Place the port in a large saucepan
and bring to a boil over high heat. Continue to cook until the port has reduced to a thick glaze about 1/3 to 1/2 cup in volume and is thick enough to coat the back of a spoon, about 20 minutes. (Be especially careful near the end of the cooking time, as it is easy to burn the glaze
near the end.) Transfer to a nonreactive, heatproof bowl and set aside to cool to room temperature before proceeding.

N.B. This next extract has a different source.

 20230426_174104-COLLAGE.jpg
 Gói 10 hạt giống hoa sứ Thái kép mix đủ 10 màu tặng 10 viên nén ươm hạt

Preheat the oven to 275 degrees F.
Using a boning knife, remove the duck meat from the carcasses so that you have 4 halves, each with the wing and leg bones still attached. Cut the wing tips off and reserve for the duck jus along with the duck carcasses. Season the duck
halves on both sides with 2 teaspoons of salt, the Essence, and the black pepper. Place on a rimmed baking sheet, skin sides up, and drizzle each duck with about 1 1/2 tablespoons of the port wine
glaze. Rub the shallots with the olive oil
and season with the remaining 1/2 teaspoon salt and the white pepper and add to the baking sheet. Place the baking sheet in the oven and cook until the shallots
are golden brown and tender, 45 minutes to 1 hour, depending on the size of the shallots. Remove the shallots and keep warm until ready to serve. Continue roasting the duck until tender and golden brown, about 2 hours in total. Remove from the oven and let rest a few minutes before serving.
When ready to serve, spoon some of the Pureed Sweet Potatoes onto each of 4 plates and top each plate with half a duck. Divide the roasted shallots evenly among the plates, then drizzle some of the Duck Jus around the edge of each plate. Drizzle
some of the remaining port wine glaze over each plate, then top with a few haricots verts. Serve immediately.